De nos jours, les Vietnamiens tempèrent souvent leur café extrêmement amer, qui est composé de grains de caféine à haute teneur en caféine et d'un rôti sombre, de lait condensé et de glace. Les filtres en métal utilisés pour la coupe, appelés Phin, probablement provenir d’un type de filtre français à une dose. (Peters m'a envoyé une photo de celle de l'écrivain français Balzac qui, selon la légende, s'est tué en buvant trop de café.)
Le commerce et la colonisation ont également aidé la Nouvelle-Orléans à devenir un centre de café. En raison de sa proximité avec l'Amérique latine et les Caraïbes, il est devenu le deuxième importateur américain de fève au 19e siècle..
Pourquoi le café à la chicorée est-il devenu emblématique de la Nouvelle-Orléans? Voilà un mystère. On croit généralement que les habitants se sont tournés vers la chicorée quand leur café a été coupé par des barrages syndicaux pendant la guerre civile. Mais certains spécialistes affirment que, puisque la chicorée a également été importée, cela ne pourrait pas être vrai. Peut-être était-ce simplement le fait que la chicorée était relativement peu coûteuse et sa saveur unique qui la rendait populaire, en particulier lorsqu'il était mélangé à du lait chaud au Café du Monde. La Louisiane faisait partie de la France jusqu'en 1803 et, à l'instar du Vietnam, conservait une culture de café d'influence française qui mettait l'accent sur les rôtis sombres et forts - un profil de saveur pouvant bénéficier de l'ajout de chicorée.
Plus d'un siècle plus tard, des centaines de milliers de réfugiés et d'immigrés vietnamiens arrivés aux États-Unis pendant et après la guerre du Vietnam ont pris conscience de cette réalité. Dans les années 1970, alors qu'ils se regroupaient dans des villes de Californie, du Texas et de la côte du Golfe, où se vantaient emplois de pêche, agriculture et climat plus chaud, ils ont découvert que le café américain fade ne suffisait tout simplement pas. Mais les Vietnamiens de la Nouvelle-Orléans avaient un recours: café fort avec chicorée. Et comme la communauté américano-vietnamienne était relativement petite, la nouvelle du café se répandit rapidement.
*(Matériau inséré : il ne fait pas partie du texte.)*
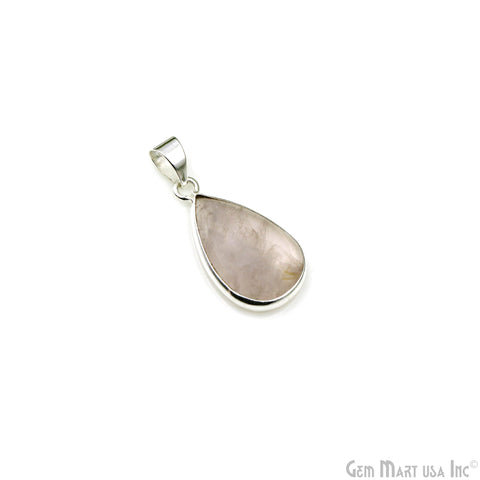 Rose Quartz Gemstone Pears 29x15mm Sterling Silver Necklace Pendant 1PC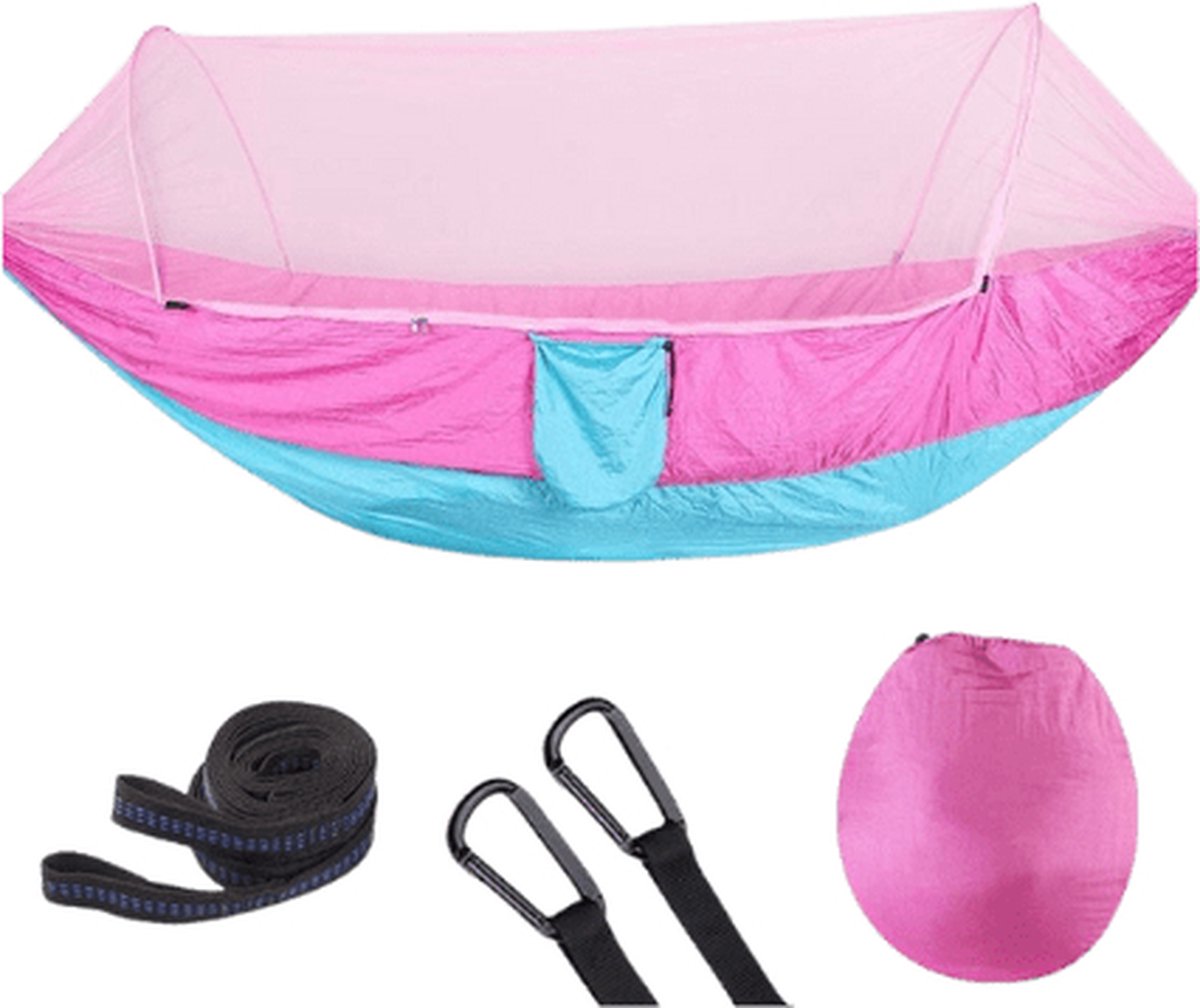 Reishangmat met Muggennet 1 Persoons – Roze/blauw - Ideale hangmat voor op reis, gemaakt van ademend parachutestof. Slechts 750 gram en zeer compact, perfect voor wandelen, fietsen. Met muggennet voor bescherming tegen insecten.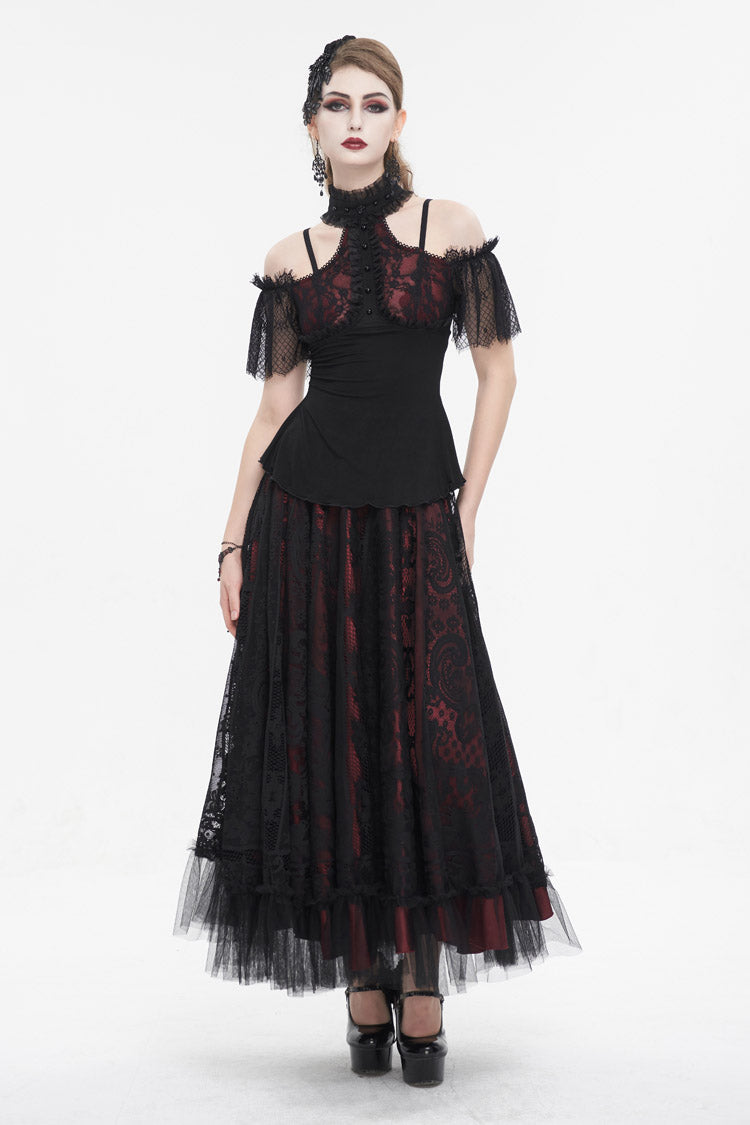 Crimson & Noir Off-Shoulder Lace Round Collar Panel Gothic Shirt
Café du Monde était idéalement situé pour être expédié à travers le pays. Ses boîtes orange emblématiques sont depuis longtemps disponibles comme souvenirs de la Nouvelle-Orléans et articles de vente par correspondance. Et comme Louise McKinney écrit dans La Nouvelle-Orléans: une histoire culturelle, Café du Monde a embauché de nombreux employés vietnamiens. Lorsque la direction a remarqué que des travailleurs envoyaient le mélange café-chicorée à leurs amis et à leur famille, ils ont commencé à commercialiser les conserves dans des épiceries asiatiques à travers le pays..
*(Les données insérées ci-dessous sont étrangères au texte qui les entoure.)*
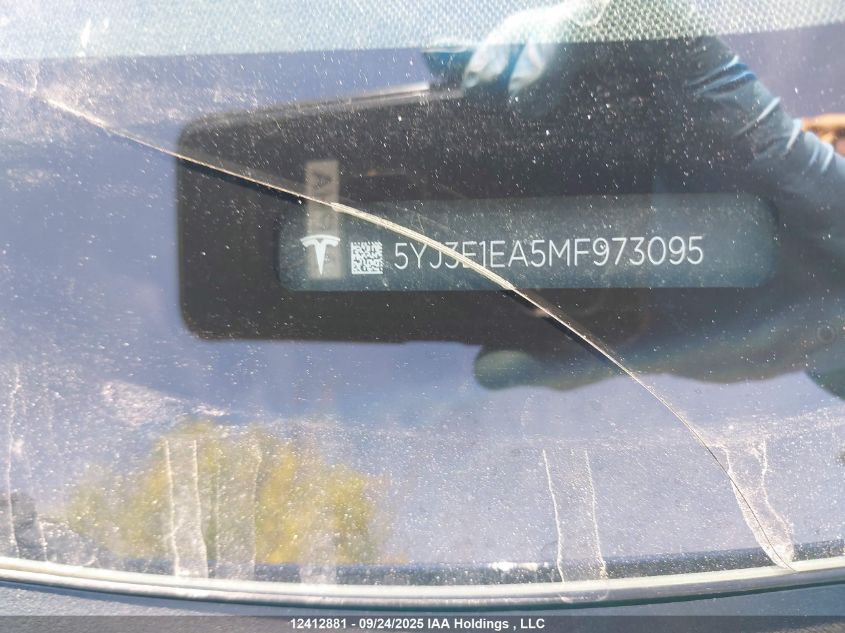 2021 Tesla Model 3 Standard Range/Standard Range Plus VIN: 5YJ3E1EA5MF973095 Lot: 12412881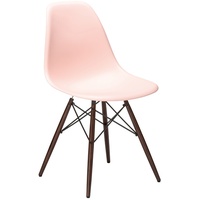 Vitra Stuhl Eames Plastic Side Chair DSW 83x46.5x55 cm zartrosé rosa, Gestell: Ahorn nussbaumfarbig, Designer Charles & Ray Eames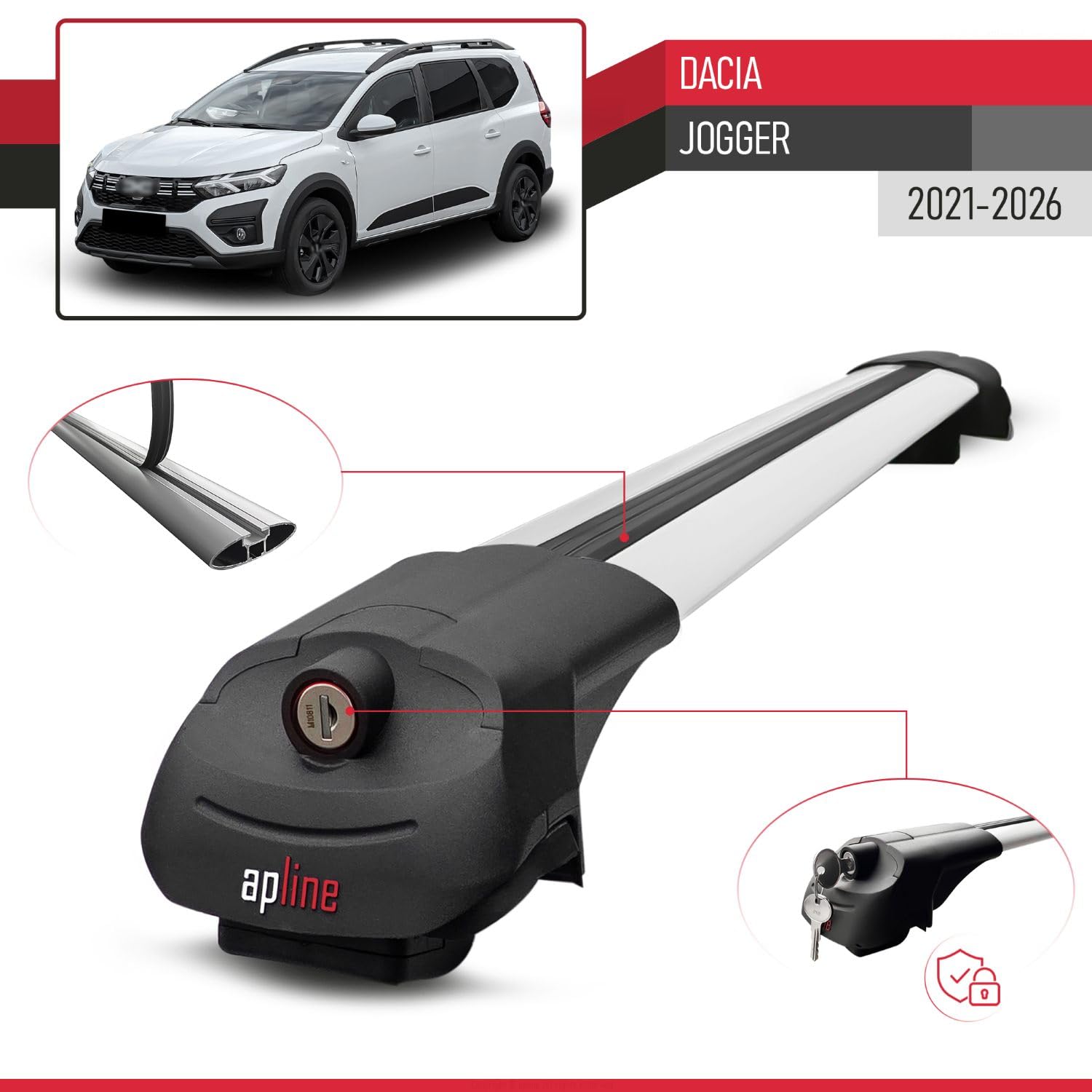 Compatible con Dacia Jogger 2021-2026 Modelo Ace-1 Barra de Techo Auto Portaequipajes Barras Transversales Gris Aluminio 2 Barras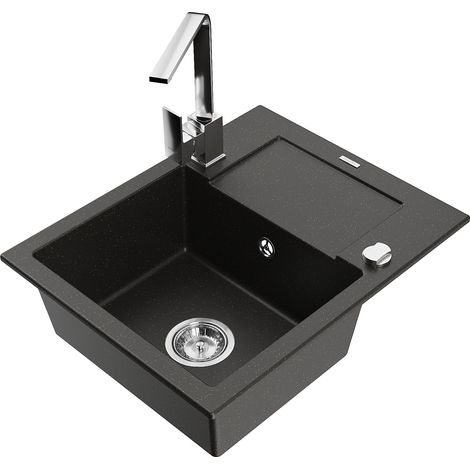 Mexen Enzo 1 Becken-Granitspüle mit Abtropffläche und Mischbatterie Rita, Schwarz/Gold metallisch - (1/5)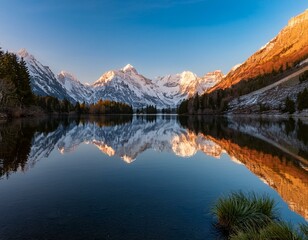 Obraz premium A serene mountain lake reflecting the snow-capped peaks at dawn.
De nombreux cafés à la chicorée sont maintenant disponibles, de même que les mélanges de café vietnamiens actuels. Trung Nguyên, le plus grand producteur de café au Vietnam, est stocké dans de nombreux supermarchés asiatiques. Ma propre boîte de Trung Nguyên Premium Blend indique qu'un ingrédient est le cacao. Lorsqu'il est mélangé à du lait concentré, il donne une infusion presque semblable à celle du moka, rappelant à quel point la chicorée peut ramollir et adoucir un rôti sombre et amer. Le site du revendeur officiel américain de Trung Nguyên plaide que le café à la chicorée était un choix de nécessité. Le café avec de la chicorée, écrit-on, n'a «rien de commun avec le vrai café vietnamien». Mais la société lutte contre une tradition bien établie.
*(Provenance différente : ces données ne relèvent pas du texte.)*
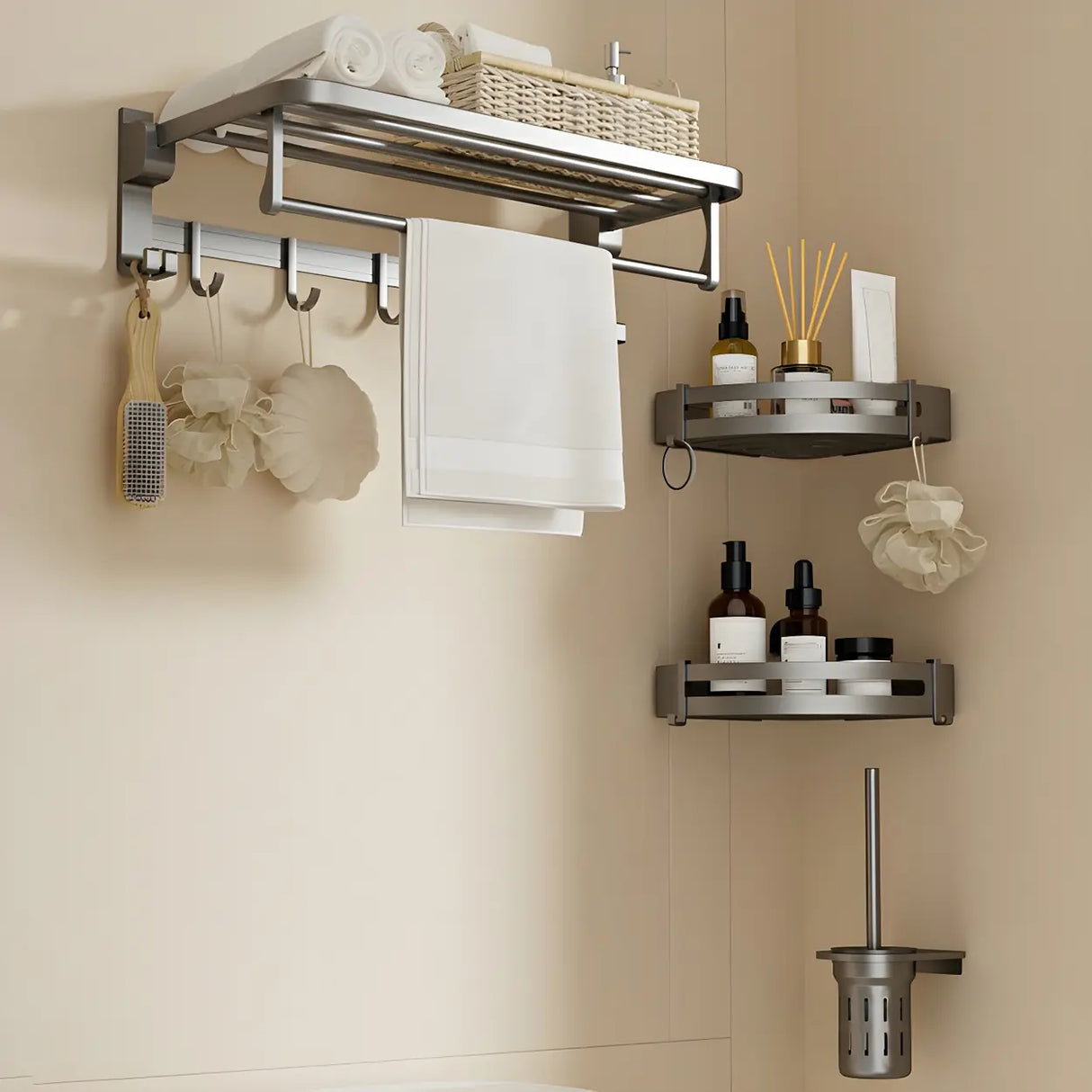 Sleek Metal Grey Bathroom Hardware Set with Shelves Image - 2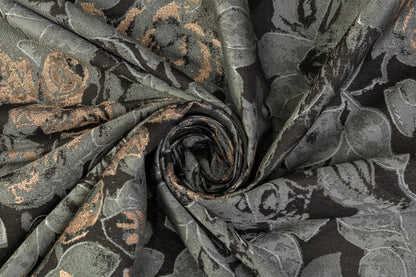 Floral Metallic Brocade - Sage / Rose Gold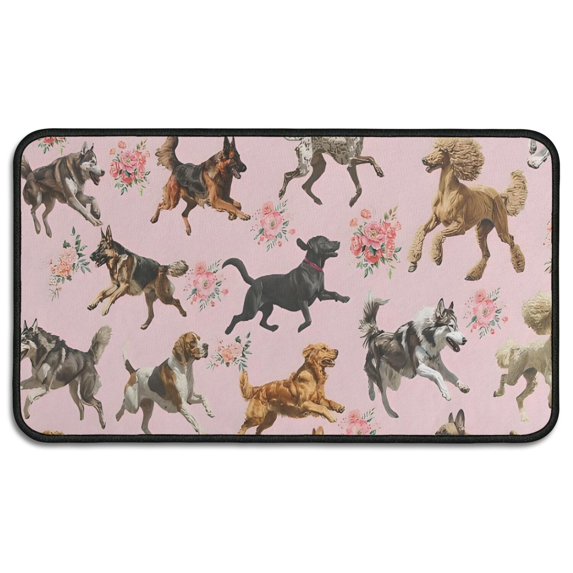 Dogs with Pioneer Flower Door Rugs,Washable Non Slip Door Mats Indoor,Decorative Door Mats,Entry Mat Indoor for Entrance,Bedroom,Kitchen,Bathroom,30"x17"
Il est remarquable qu'un café en particulier puisse autant évoquer. Mélangé à du lait concentré pour former un café vietnamien, il constitue un puissant symbole de synergie culturelle. Mélangé à du lait chaud pour un café au lait, c'est un rappel de tradition et de continuité. Et si siroté à côté du Mékong ou du Mississippi, c'est délicieux.